Here is the listing. Print it exactly.

++++ Input data ++++

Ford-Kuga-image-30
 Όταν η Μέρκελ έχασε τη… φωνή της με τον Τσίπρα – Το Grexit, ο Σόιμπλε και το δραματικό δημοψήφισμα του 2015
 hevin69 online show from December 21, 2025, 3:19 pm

++++

== Your response ==
Ford-Kuga-image-30
 Όταν η Μέρκελ έχασε τη… φωνή της με τον Τσίπρα – Το Grexit, ο Σόιμπλε και το δραματικό δημοψήφισμα του 2015
 hevin69 online show from December 21, 2025, 3:19 pm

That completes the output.